* _INPUT MATERIAL_
^^^^

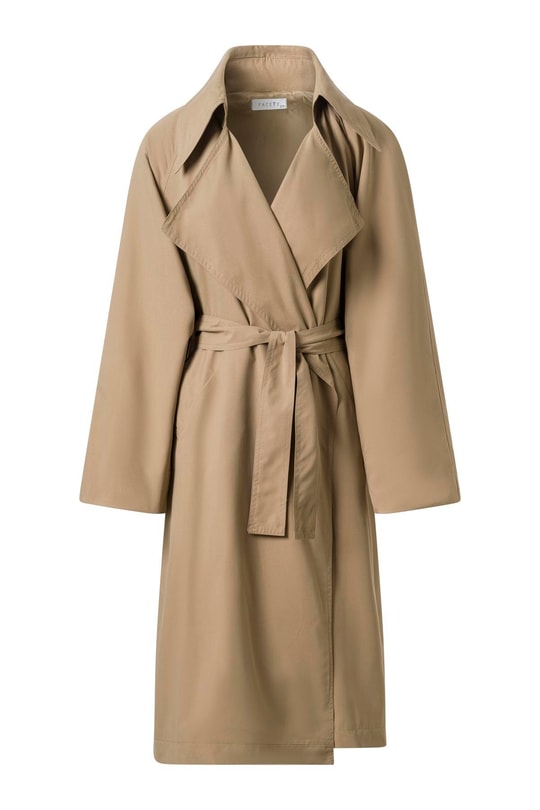 Camel Kuşaklı Mevsimlik İnce Trençkot CAMEL
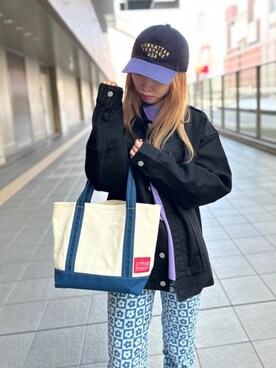 「ぶるー」｜Manhattan Portage Staffさん（レディース・157cm）の冬コーディネート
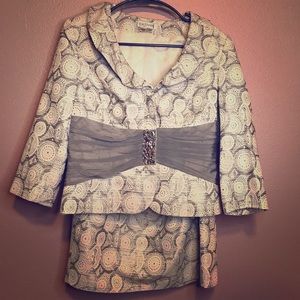 Kay Unger Evening Suit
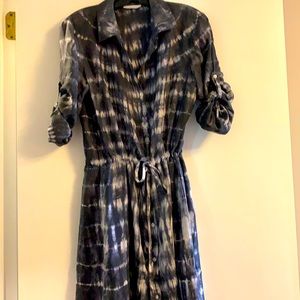 Easy, breezy silk tie-dye dress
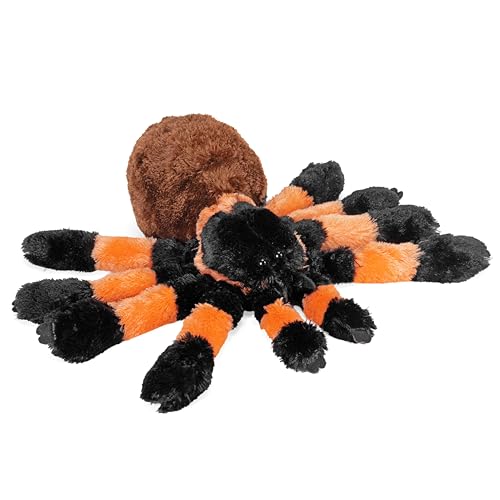 Wild Republic Tarantula Plush, Stuffed Animal, Plush Toy, Gifts for Kids, Cuddlekins 12 Inches, Black, Orange, Brown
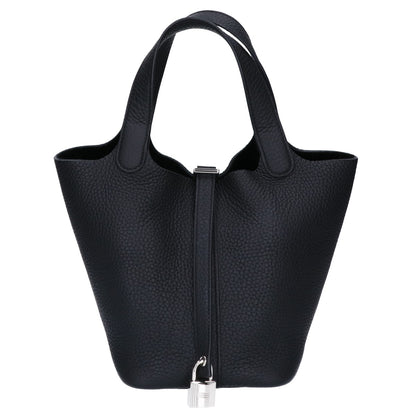 HERMES エルメス 美品 K刻印 トゴ ピコタンロックPM(18) ハンドバッグ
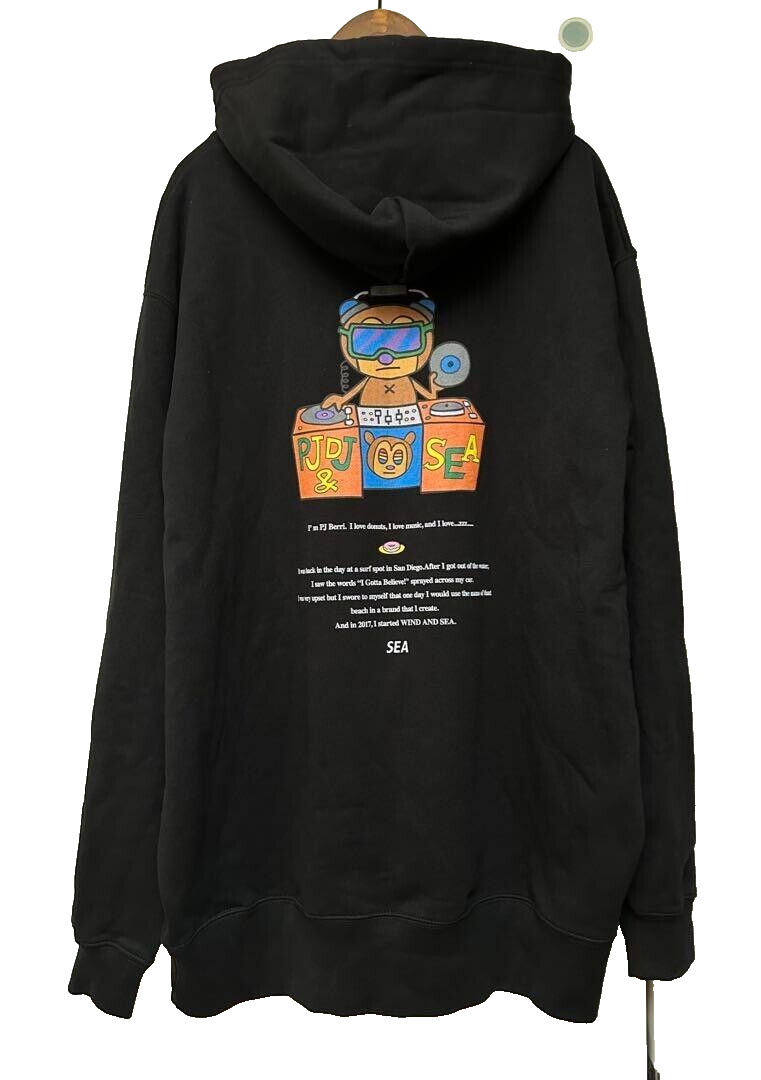WIND AND SEA Parappa Rapper collaboration hoodie L size new WIND AND SEA Parappa Rapper collaboration hoodie L size new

^^^^

* _WORK TASK_
Leave out all pictures and retype precisely the lines that run from the line containing "Easy, breezy silk tie-dye dress" to the last line of the records.

* _TASK RESPONSE_
 Easy, breezy silk tie-dye dress
 Wild Republic Tarantula Plush, Stuffed Animal, Plush Toy, Gifts for Kids, Cuddlekins 12 Inches, Black, Orange, Brown
 HERMES エルメス 美品 K刻印 トゴ ピコタンロックPM(18) ハンドバッグ
WIND AND SEA Parappa Rapper collaboration hoodie L size new WIND AND SEA Parappa Rapper collaboration hoodie L size new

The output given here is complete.